▸ **About this exercise**:
After finding the line with "DC × Designer" in the entries below, retype exactly each line from there through the line with "ร้อน48LED RGB ที่มีสีสันดิสโก้ไฟ5วัตต์", including that final line.

START Information supplied

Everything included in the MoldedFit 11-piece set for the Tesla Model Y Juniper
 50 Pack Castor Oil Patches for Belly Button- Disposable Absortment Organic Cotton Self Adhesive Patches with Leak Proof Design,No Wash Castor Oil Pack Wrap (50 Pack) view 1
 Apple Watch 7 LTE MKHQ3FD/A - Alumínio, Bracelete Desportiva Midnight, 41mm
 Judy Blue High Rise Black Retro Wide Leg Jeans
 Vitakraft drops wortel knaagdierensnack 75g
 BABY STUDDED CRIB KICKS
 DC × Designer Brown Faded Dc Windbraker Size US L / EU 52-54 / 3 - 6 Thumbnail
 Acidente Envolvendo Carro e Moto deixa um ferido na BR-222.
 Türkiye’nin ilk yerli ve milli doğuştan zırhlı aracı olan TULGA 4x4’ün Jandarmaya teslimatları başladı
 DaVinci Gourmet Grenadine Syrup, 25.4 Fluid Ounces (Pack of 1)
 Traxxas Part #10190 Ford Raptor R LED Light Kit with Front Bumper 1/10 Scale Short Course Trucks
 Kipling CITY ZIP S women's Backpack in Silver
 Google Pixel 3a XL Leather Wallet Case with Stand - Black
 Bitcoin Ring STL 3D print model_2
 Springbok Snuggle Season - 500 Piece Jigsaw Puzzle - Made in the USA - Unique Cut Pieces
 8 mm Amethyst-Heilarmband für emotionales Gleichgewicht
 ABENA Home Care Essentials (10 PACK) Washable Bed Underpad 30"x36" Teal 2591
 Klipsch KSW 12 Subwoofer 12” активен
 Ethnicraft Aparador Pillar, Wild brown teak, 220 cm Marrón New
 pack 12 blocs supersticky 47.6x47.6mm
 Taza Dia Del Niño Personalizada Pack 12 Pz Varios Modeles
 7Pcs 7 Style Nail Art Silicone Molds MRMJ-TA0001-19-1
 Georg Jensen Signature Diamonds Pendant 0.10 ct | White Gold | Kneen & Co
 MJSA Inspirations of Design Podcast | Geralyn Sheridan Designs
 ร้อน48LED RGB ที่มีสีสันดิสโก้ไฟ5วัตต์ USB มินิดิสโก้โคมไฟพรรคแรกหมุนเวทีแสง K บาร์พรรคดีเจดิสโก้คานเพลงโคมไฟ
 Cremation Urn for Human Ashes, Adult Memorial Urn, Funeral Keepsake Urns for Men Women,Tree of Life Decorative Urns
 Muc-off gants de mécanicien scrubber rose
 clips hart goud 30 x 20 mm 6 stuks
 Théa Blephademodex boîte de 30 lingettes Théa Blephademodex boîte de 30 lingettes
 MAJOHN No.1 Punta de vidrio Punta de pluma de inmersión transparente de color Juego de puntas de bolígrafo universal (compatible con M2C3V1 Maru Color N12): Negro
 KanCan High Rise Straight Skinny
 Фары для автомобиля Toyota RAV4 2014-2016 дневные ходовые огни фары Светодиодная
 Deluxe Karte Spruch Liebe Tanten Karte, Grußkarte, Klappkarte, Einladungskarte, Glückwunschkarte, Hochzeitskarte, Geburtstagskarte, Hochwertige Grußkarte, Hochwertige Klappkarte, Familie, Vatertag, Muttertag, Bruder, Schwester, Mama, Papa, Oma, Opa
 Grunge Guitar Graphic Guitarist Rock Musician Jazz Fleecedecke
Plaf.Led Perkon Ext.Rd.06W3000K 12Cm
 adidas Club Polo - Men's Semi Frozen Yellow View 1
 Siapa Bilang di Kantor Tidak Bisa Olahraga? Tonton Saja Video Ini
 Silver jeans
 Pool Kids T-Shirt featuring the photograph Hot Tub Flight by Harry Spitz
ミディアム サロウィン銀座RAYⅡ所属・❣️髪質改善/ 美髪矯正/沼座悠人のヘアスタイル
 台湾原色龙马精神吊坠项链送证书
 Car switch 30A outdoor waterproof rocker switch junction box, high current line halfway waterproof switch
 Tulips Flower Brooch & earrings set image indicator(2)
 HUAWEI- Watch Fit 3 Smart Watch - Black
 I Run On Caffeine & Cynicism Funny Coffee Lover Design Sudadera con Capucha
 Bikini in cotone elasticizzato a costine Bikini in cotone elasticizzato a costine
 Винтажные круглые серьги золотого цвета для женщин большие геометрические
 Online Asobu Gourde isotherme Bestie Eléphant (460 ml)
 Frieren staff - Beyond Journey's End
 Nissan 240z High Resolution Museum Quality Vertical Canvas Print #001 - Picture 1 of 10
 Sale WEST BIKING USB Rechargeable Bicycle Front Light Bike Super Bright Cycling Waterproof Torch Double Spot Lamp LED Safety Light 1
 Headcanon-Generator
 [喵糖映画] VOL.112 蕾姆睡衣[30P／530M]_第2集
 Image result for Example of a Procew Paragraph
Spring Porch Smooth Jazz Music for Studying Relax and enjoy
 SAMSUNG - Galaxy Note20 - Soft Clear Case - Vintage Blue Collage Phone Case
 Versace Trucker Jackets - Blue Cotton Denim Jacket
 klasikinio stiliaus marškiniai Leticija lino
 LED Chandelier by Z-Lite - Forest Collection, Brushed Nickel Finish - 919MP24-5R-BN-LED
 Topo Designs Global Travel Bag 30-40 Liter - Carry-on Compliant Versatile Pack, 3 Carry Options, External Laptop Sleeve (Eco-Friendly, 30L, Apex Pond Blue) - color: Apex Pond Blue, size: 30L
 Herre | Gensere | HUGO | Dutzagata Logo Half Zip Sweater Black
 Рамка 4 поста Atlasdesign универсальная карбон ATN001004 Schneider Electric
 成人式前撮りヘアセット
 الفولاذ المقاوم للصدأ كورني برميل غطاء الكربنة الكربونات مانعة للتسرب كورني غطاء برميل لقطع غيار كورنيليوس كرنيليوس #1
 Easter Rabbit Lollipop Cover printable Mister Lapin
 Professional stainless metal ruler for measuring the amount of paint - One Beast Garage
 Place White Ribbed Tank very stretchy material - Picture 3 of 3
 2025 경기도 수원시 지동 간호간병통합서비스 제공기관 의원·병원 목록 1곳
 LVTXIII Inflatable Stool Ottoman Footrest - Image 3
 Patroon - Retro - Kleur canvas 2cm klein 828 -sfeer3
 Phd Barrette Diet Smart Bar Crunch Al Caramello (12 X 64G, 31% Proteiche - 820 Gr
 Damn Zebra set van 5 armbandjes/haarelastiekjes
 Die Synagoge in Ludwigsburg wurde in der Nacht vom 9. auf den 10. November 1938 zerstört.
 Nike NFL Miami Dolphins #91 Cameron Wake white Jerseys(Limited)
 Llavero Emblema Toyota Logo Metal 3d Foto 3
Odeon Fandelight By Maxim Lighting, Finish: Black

END Information supplied

▸ **Result of this exercise**:
 DC × Designer Brown Faded Dc Windbraker Size US L / EU 52-54 / 3 - 6 Thumbnail
 Acidente Envolvendo Carro e Moto deixa um ferido na BR-222.
 Türkiye’nin ilk yerli ve milli doğuştan zırhlı aracı olan TULGA 4x4’ün Jandarmaya teslimatları başladı
 DaVinci Gourmet Grenadine Syrup, 25.4 Fluid Ounces (Pack of 1)
 Traxxas Part #10190 Ford Raptor R LED Light Kit with Front Bumper 1/10 Scale Short Course Trucks
 Kipling CITY ZIP S women's Backpack in Silver
 Google Pixel 3a XL Leather Wallet Case with Stand - Black
 Bitcoin Ring STL 3D print model_2
 Springbok Snuggle Season - 500 Piece Jigsaw Puzzle - Made in the USA - Unique Cut Pieces
 8 mm Amethyst-Heilarmband für emotionales Gleichgewicht
 ABENA Home Care Essentials (10 PACK) Washable Bed Underpad 30"x36" Teal 2591
 Klipsch KSW 12 Subwoofer 12” активен
 Ethnicraft Aparador Pillar, Wild brown teak, 220 cm Marrón New
 pack 12 blocs supersticky 47.6x47.6mm
 Taza Dia Del Niño Personalizada Pack 12 Pz Varios Modeles
 7Pcs 7 Style Nail Art Silicone Molds MRMJ-TA0001-19-1
 Georg Jensen Signature Diamonds Pendant 0.10 ct | White Gold | Kneen & Co
 MJSA Inspirations of Design Podcast | Geralyn Sheridan Designs
 ร้อน48LED RGB ที่มีสีสันดิสโก้ไฟ5วัตต์ USB มินิดิสโก้โคมไฟพรรคแรกหมุนเวทีแสง K บาร์พรรคดีเจดิสโก้คานเพลงโคมไฟ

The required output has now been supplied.